To expand the hallucination benchmark in medical scenarios, several strategies can be implemented: Incorporating Rare Conditions: Include images and questions related to rare medical conditions that are not commonly encountered. This will test the model's ability to provide accurate responses even in unfamiliar scenarios. Multi-Modal Data: Integrate different data modalities such as text, images, videos, and audio to create a more comprehensive benchmark. This will challenge the model to process and interpret information from various sources accurately. Temporal Data: Include time-series data to assess the model's capability to analyze changes over time, such as disease progression or treatment effectiveness. Real-World Data: Incorporate real-world patient cases and medical records to simulate actual clinical scenarios. This will test the model's performance in practical healthcare settings. Interactive Scenarios: Develop interactive scenarios where the model needs to engage in a dialogue or decision-making process with healthcare professionals to provide accurate responses.

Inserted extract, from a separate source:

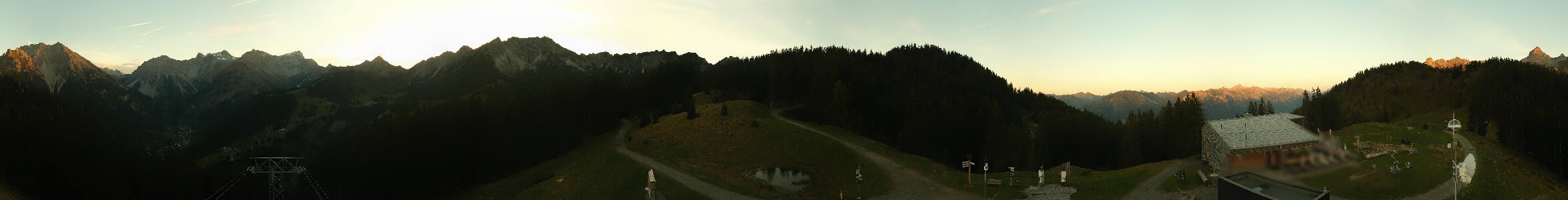 Panoramabahn Burtschasattel
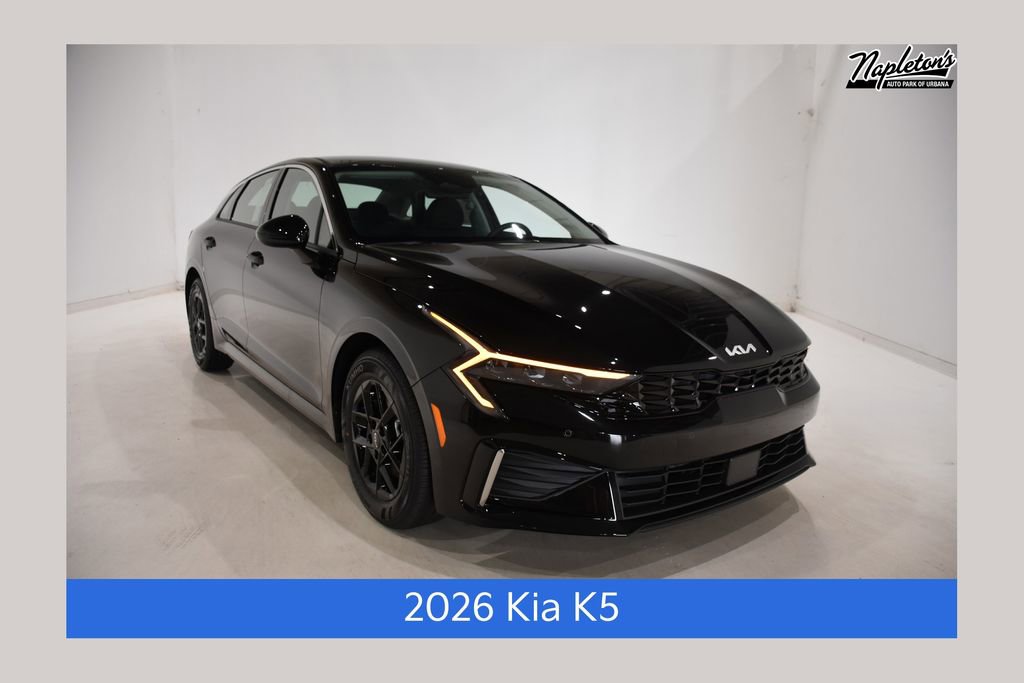New 2026 Kia K5 LXS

By expanding the benchmark in these ways, the models can be tested on a wider range of medical scenarios and data modalities, enhancing their robustness and applicability in real-world healthcare settings.

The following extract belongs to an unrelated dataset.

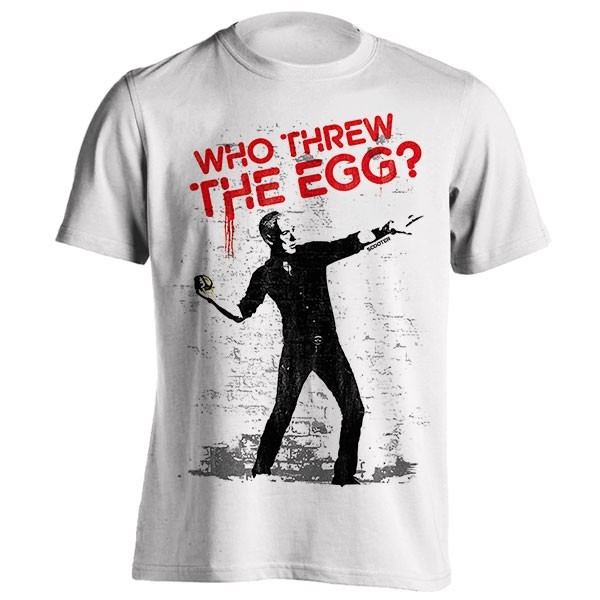 تیشرت Scooter - Who Threw The Egg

What other prompting strategies or model architectures could be explored to improve the robustness of medical visual question answering models against hallucination?

To improve the robustness of medical visual question answering models against hallucination, the following prompting strategies and model architectures could be explored: Adversarial Training: Incorporate adversarial training techniques to expose the model to challenging scenarios and enhance its ability to detect and correct hallucinations. Ensemble Models: Utilize ensemble models that combine multiple base models to improve overall performance and reduce the risk of hallucination. Attention Mechanisms: Implement attention mechanisms to focus the model's attention on relevant parts of the input data, reducing the likelihood of generating hallucinatory responses. Domain-Specific Pretraining: Pretrain the models on domain-specific medical data to improve their understanding of medical concepts and reduce the risk of hallucination in clinical scenarios. Explainable AI: Integrate explainable AI techniques to provide insights into the model's decision-making process, enabling clinicians to understand and trust the model's responses better. By exploring these prompting strategies and model architectures, medical visual question answering models can be enhanced to be more robust and reliable in healthcare applications, minimizing the risk of hallucination and improving overall performance.

How can the insights from this study be applied to develop more trustworthy and reliable AI-powered clinical decision support systems in the healthcare domain?

The insights from this study can be applied in the following ways to develop more trustworthy and reliable AI-powered clinical decision support systems: Enhanced Model Evaluation: Implement rigorous evaluation protocols, including hallucination benchmarks, to assess the model's performance and identify areas for improvement. Continuous Monitoring: Establish mechanisms for continuous monitoring of model performance in real-world healthcare settings to detect and address any instances of hallucination or incorrect responses. Clinician Collaboration: Involve healthcare professionals in the development and validation of AI models to ensure that they align with clinical guidelines and are trustworthy for decision-making. Interpretability: Focus on developing interpretable AI models that can explain their reasoning and decision-making processes to clinicians, enhancing trust and transparency. Ethical Considerations: Address ethical considerations such as patient privacy, bias, and fairness in AI algorithms to ensure the responsible deployment of AI-powered clinical decision support systems. By applying these insights, AI-powered clinical decision support systems can be developed to be more trustworthy, reliable, and effective in assisting healthcare professionals in making informed decisions and improving patient outcomes.